> WORK ITEM
Every line below from the one with "Aerial of Kite" through the one with "Lucky Charms Bar" should be retyped exactly, both ends included; no other lines and no pictures.

> PROVIDED MATERIAL

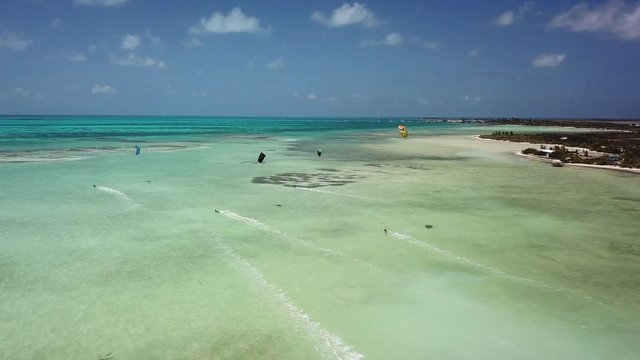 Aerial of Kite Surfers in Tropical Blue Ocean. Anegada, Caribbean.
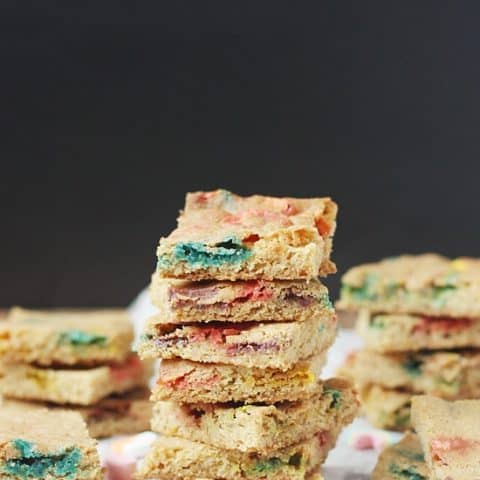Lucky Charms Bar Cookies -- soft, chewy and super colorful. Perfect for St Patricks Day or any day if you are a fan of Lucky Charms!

* * *

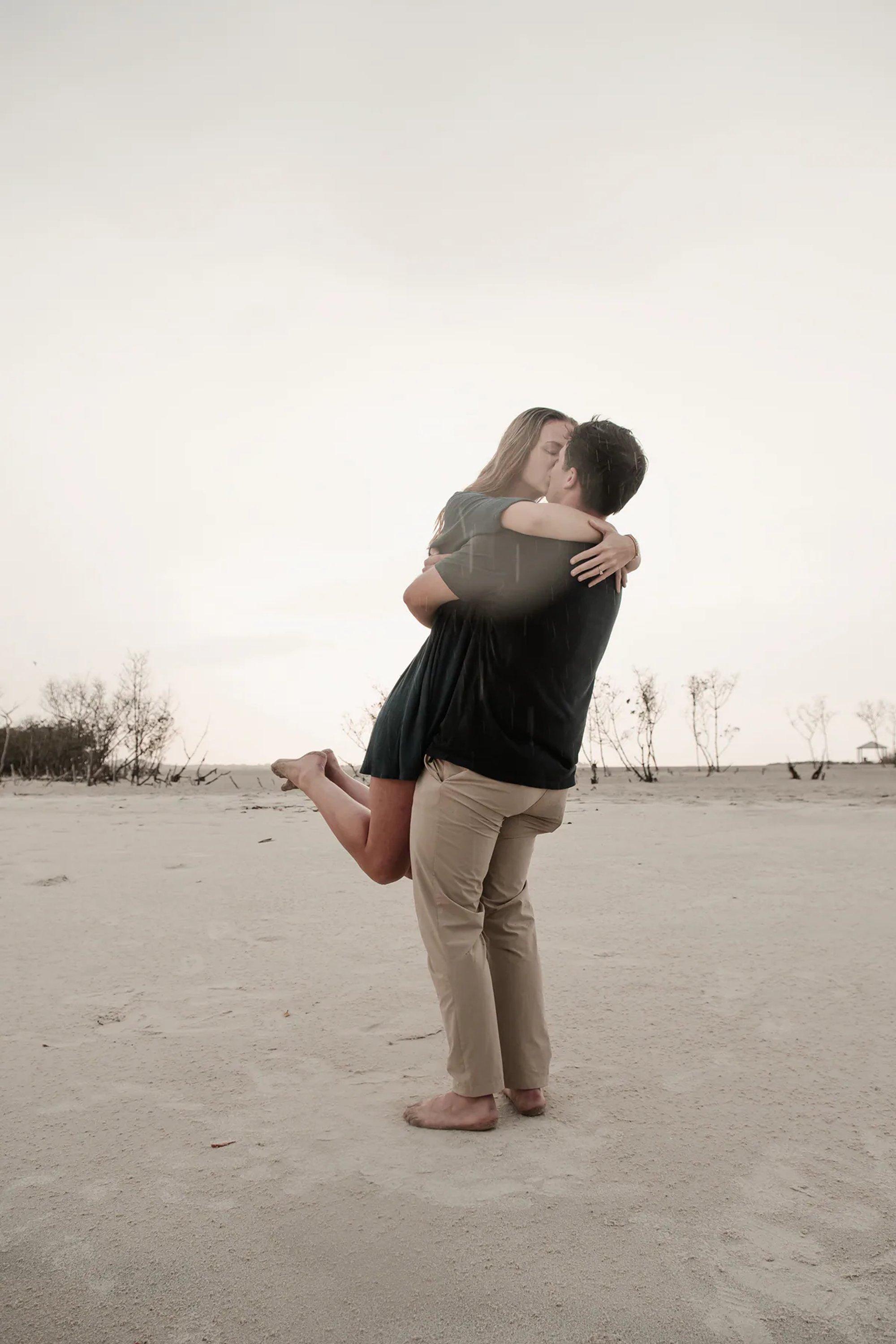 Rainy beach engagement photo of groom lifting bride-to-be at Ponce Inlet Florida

==

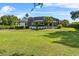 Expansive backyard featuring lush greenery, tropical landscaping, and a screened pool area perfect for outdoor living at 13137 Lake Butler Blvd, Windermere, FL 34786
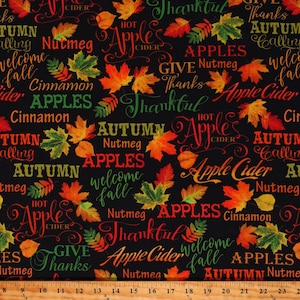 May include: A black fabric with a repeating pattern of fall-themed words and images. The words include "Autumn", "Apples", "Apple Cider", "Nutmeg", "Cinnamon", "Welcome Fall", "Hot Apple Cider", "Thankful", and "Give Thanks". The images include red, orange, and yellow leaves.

> SOLUTION TO THE PROBLEM
 Aerial of Kite Surfers in Tropical Blue Ocean. Anegada, Caribbean.
Lucky Charms Bar Cookies -- soft, chewy and super colorful. Perfect for St Patricks Day or any day if you are a fan of Lucky Charms!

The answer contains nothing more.